Could you return all of the records exactly, minus their images?

═══ DATA FOR THIS TASK ═══

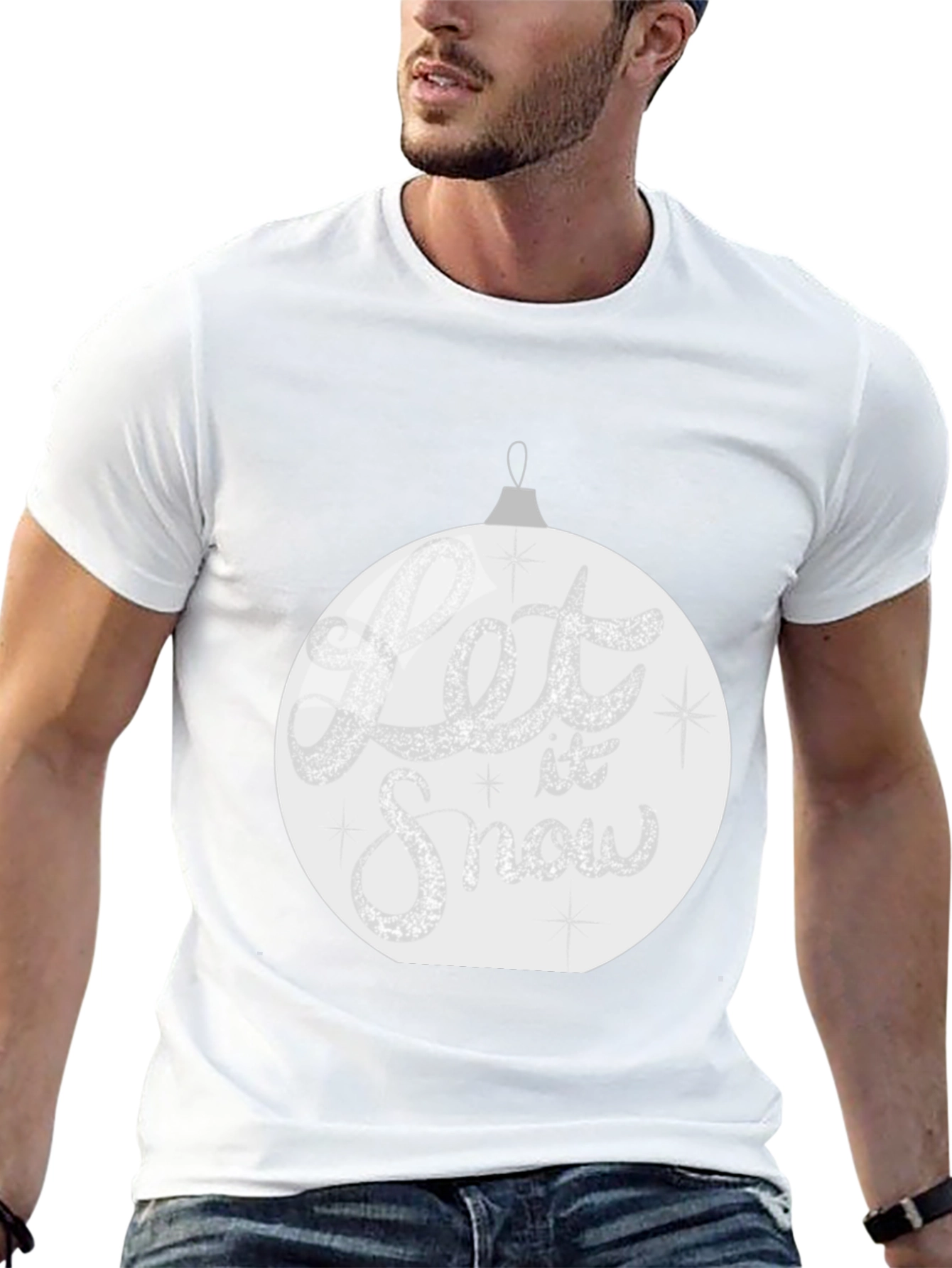 Let it Snow Christmas Ornament T-Shirt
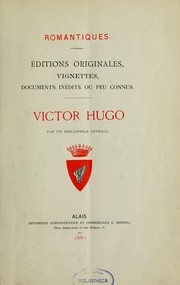Cover of: Victor Hugo, par un bibliophile cévenol
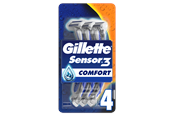 Barberingsutstyr - Gillette Sensor3 Engangshøvel x4 - 7702018490240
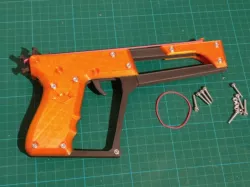 Stinger - Modular Semi Automatic rubber band gun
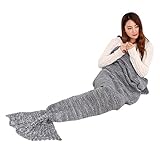 Tangpan Mermaid Tail Blanket Color Grey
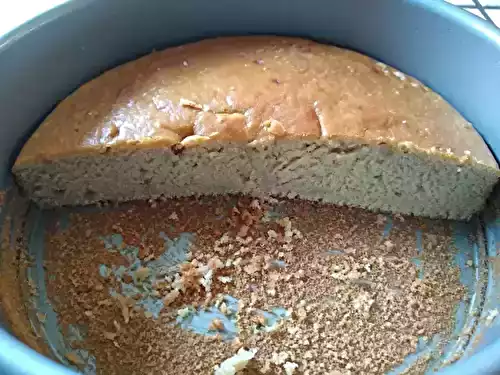 Gâteau à la crème de marrons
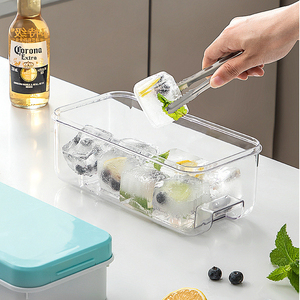 <span class=keywords><strong>New</strong></span> Ice Cube lưới xách tay Ice Maker linh hoạt Silicone Ice Cube khay khuôn mẫu với có thể tháo rời nắp cho whisky - Product Image 5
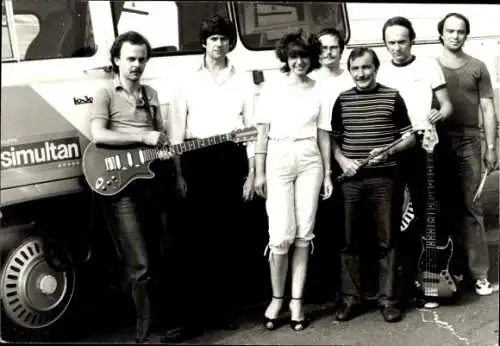 Ak Musikgruppe Simultan, Falk, Kerstin, Detlef, Raimund, Micha, Autogramme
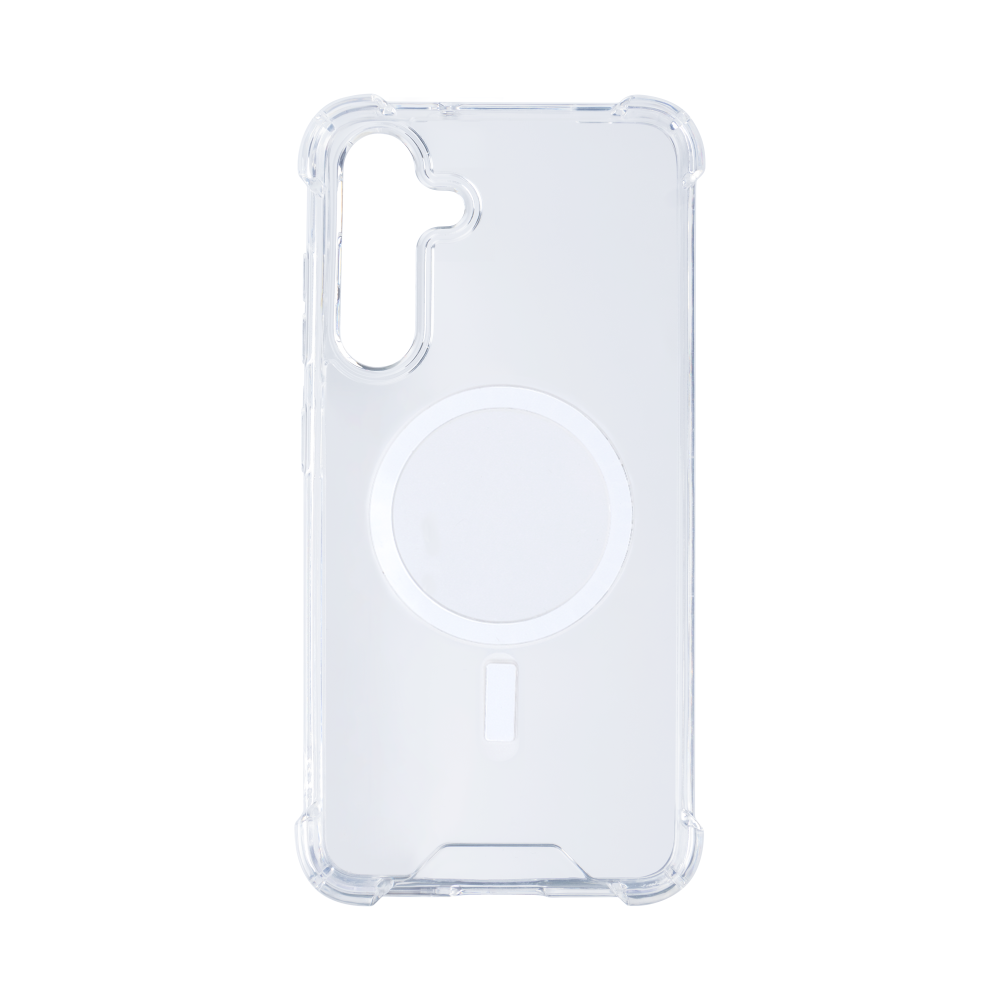 Rixus Anti-Burst Case With MagSafe For Samsung Galaxy S24, S25 Transparent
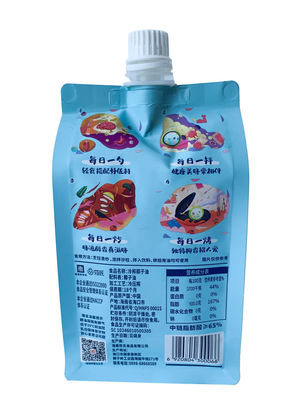 Saco de embalagem de espuma personalizado para leite de 30g-1kg de capacidade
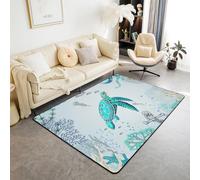 3D Print Undersea Animal Turtle Mat Kitchen Mat Machine Washable Rugs Hallway Non Slip Runner Door Mat Floor Mat Rug 80 X 160 Cm - Polyester Soft Touch Easy Clean With Rubber Backing -49041094311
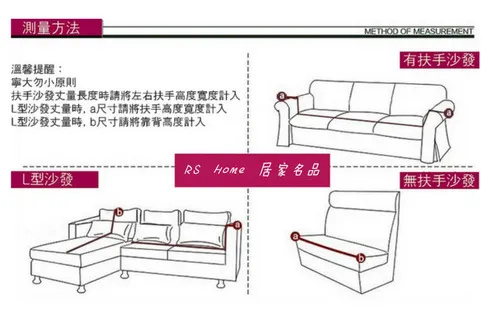 沙發套丈量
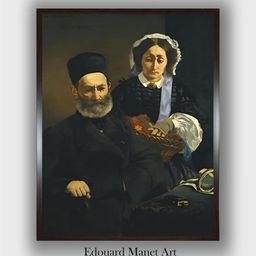 The Art House Brown & Black Artist's Parents Wooden Framed Painting Wall Art-image-35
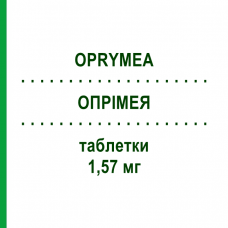 ОПРІМЕЯ (OPRYMEA) 1,57 мг таблетки 100 шт - Праміпексол EURIMPHARM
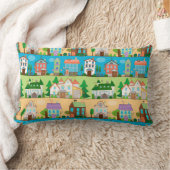 かわいい家たち ランバークッション (ブランケット)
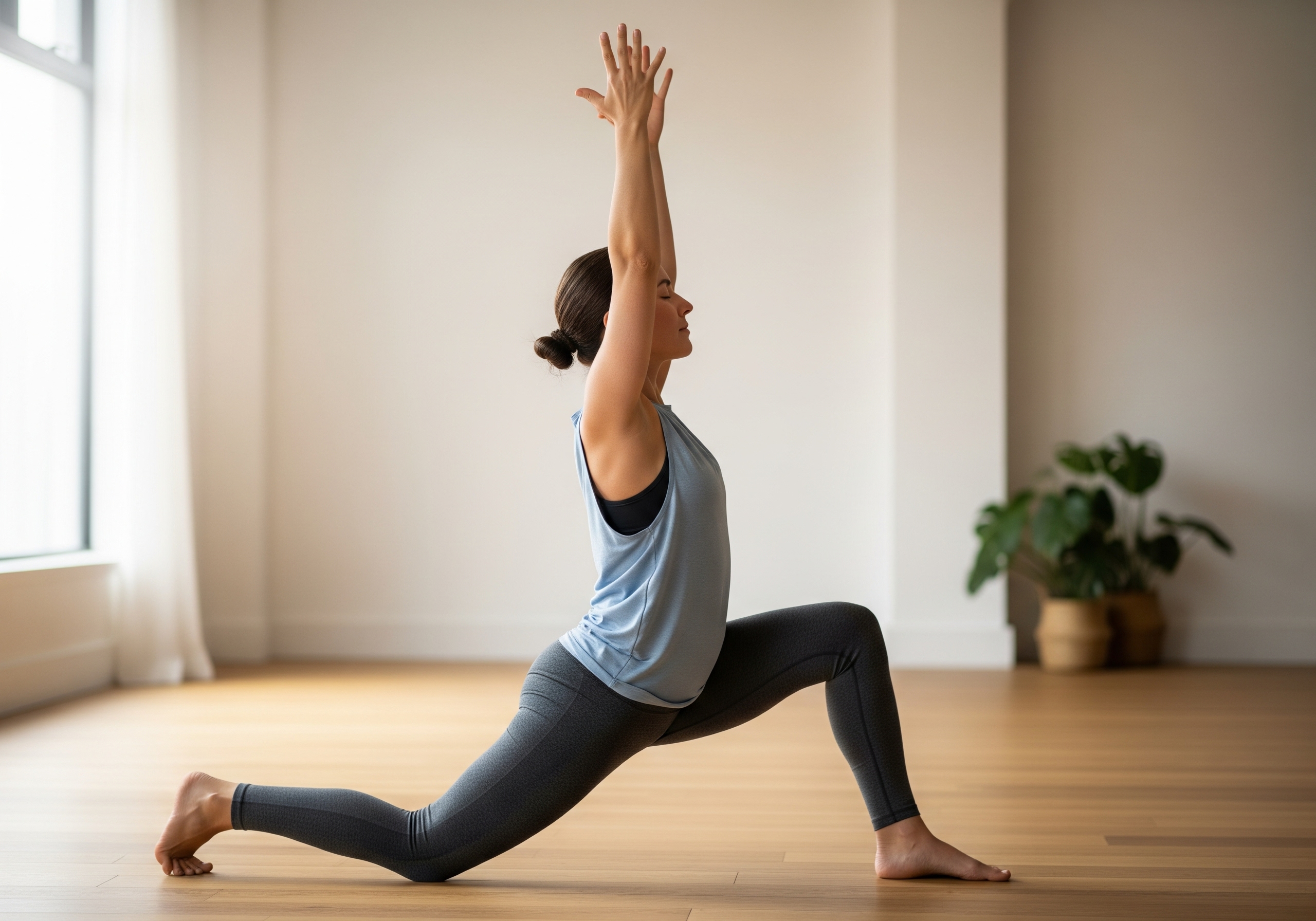 Low Lounge Step 5 Hold the Pose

═══

» **RESULT**:
 Let it Snow Christmas Ornament T-Shirt
Cover of: Victor Hugo, par un bibliophile cévenol
 Barberingsutstyr - Gillette Sensor3 Engangshøvel x4 - 7702018490240
 Stinger - Modular Semi Automatic rubber band gun
 Tangpan Mermaid Tail Blanket Color Grey
 Gâteau à la crème de marrons
 <span class=keywords><strong>New</strong></span> Ice Cube lưới xách tay Ice Maker linh hoạt Silicone Ice Cube khay khuôn mẫu với có thể tháo rời nắp cho whisky - Product Image 5
 Ak Musikgruppe Simultan, Falk, Kerstin, Detlef, Raimund, Micha, Autogramme
 Rixus Anti-Burst Case With MagSafe For Samsung Galaxy S24, S25 Transparent
 Saco de embalagem de espuma personalizado para leite de 30g-1kg de capacidade
 3D Print Undersea Animal Turtle Mat Kitchen Mat Machine Washable Rugs Hallway Non Slip Runner Door Mat Floor Mat Rug 80 X 160 Cm - Polyester Soft Touch Easy Clean With Rubber Backing -49041094311
 沙發套丈量
 The Art House Brown & Black Artist's Parents Wooden Framed Painting Wall Art-image-35
 ОПРІМЕЯ (OPRYMEA) 1,57 мг таблетки 100 шт - Праміпексол EURIMPHARM
 かわいい家たち ランバークッション (ブランケット)
 Low Lounge Step 5 Hold the Pose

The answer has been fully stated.